Oogamy is a form of anisogamy where the gametes differ in both size and form. 
In oogamy the large female gamete (also known as ovum) is immobile, while the small male gamete (also known as sperm) is mobile. Oogamy is a common form of anisogamy, with almost all animals and land plants being oogamous.

Occurrence 
Oogamy is found in most species that reproduce sexually, all higher species being oogamous.

Oogamy is found in all land plants, and in some red algae, brown algae and green algae. Oogamy is favored in plants because only one gamete has to travel through harsh environments outside the plant. Oogamy is also present in oomycetes.

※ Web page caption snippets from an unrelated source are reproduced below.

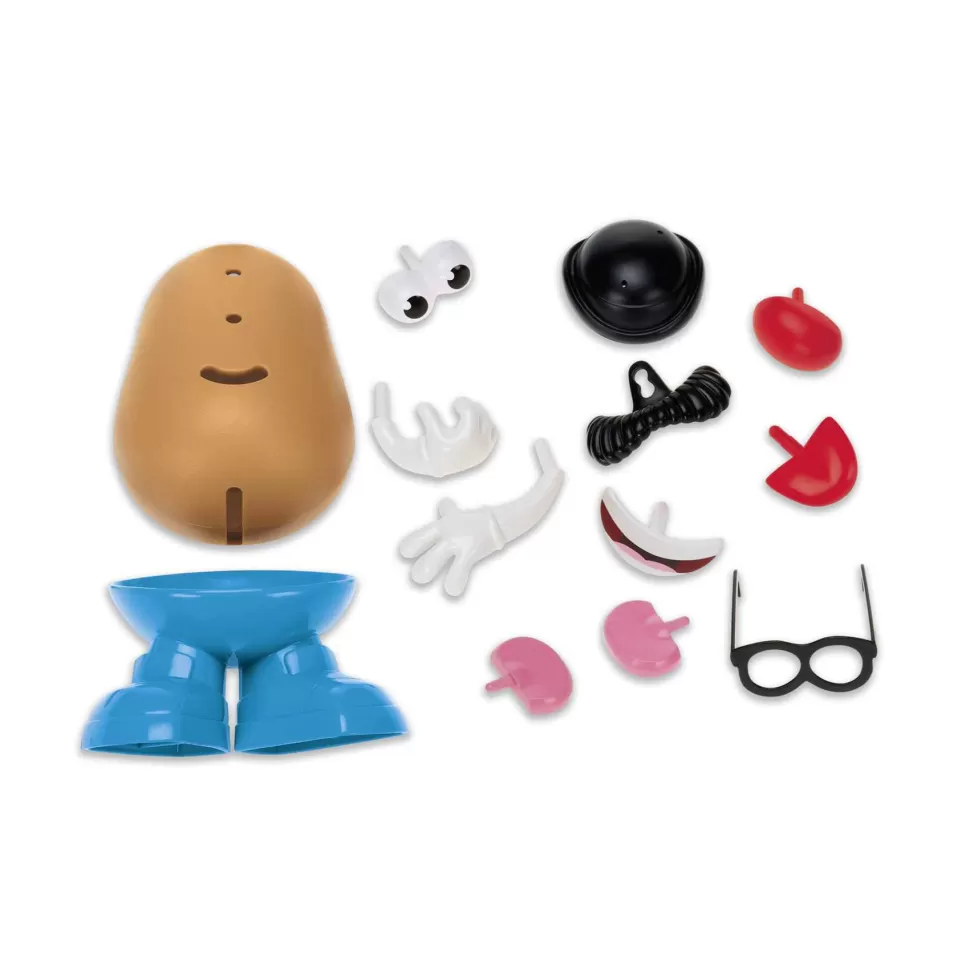 Playskool Mr Potato* Primera Infancia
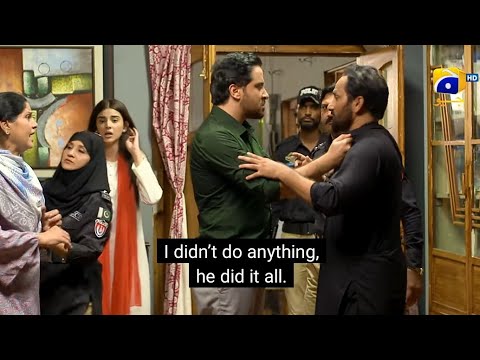 Nikah Episode 41 Promo | Tomorrow at 7:00 PM On Har Pal GeoFebruary 28, 2023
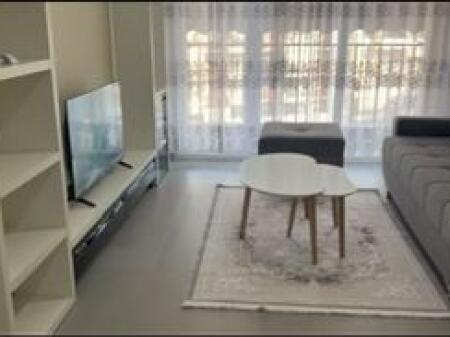 Apartment 1+1 in a super location near the Astiri roundabout
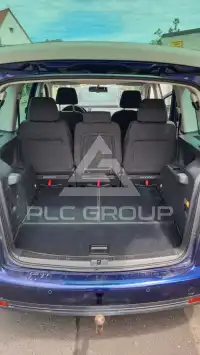 2007 Volkswagen Touran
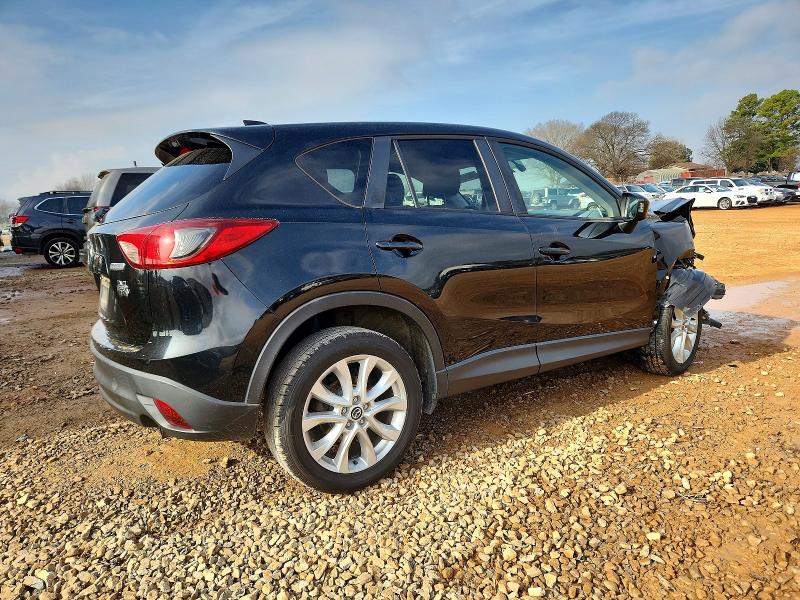 Photo 3 from auction – 2014 MAZDA CX-5 GT with VIN JM3KE2DY3E0373649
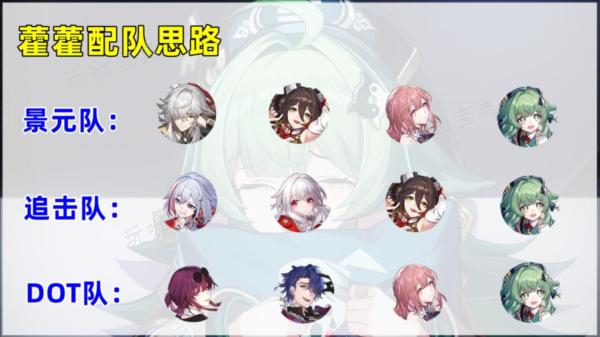 《崩坏星穹铁道》图片1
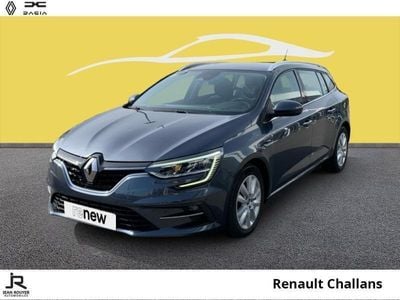 Renault Mégane Coupé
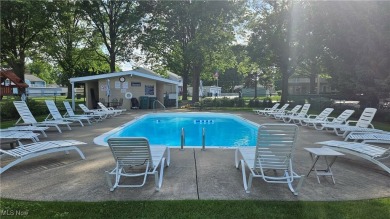 Welcome to easy, stylish living in the highly sought-after on Mayfair Country Club in Ohio - for sale on GolfHomes.com, golf home, golf lot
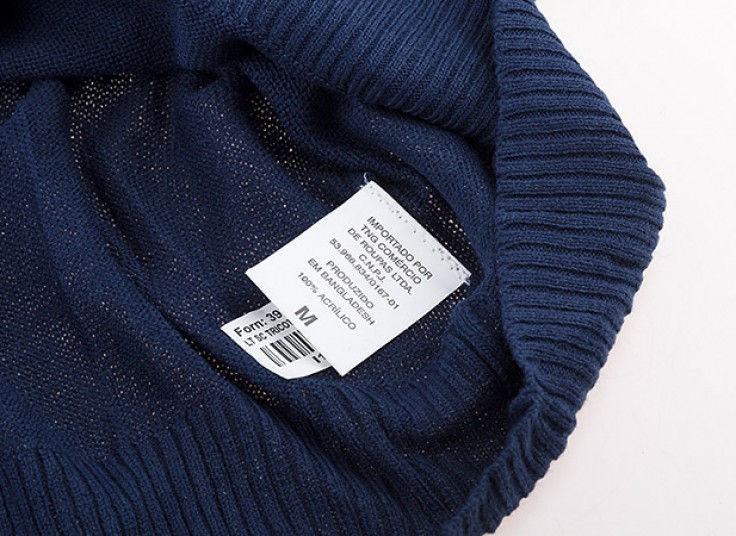 پلیور بافت مردانه Smart Casual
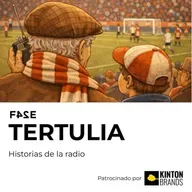 Historias de la radio | Especial Día Mundial de la Radio | FASE TERTULIA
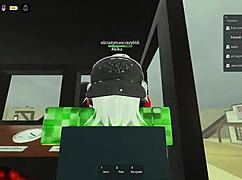 She Goes AFK And Gets Gangbanged By Everyone Mercilessly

Almost all animals are oogamous. There are exceptions, such as the opiliones that have immobile sperm.

Etymology 
The term oogamy was first used in the year 1888.

Evolution 

It is generally accepted that isogamy is the ancestral state and that oogamy evolves from isogamy through anisogamy. However, transitions do exist between anisogamy and oogamy.

When oogamy has evolved, males and females typically differ in many aspects. According to David B. Dusenbery internal fertilization probably originated from oogamy. But one study in 2014 on Colemanosphaera said that oogamy in Volvox may have evolved before the transition from external to internal fertilization.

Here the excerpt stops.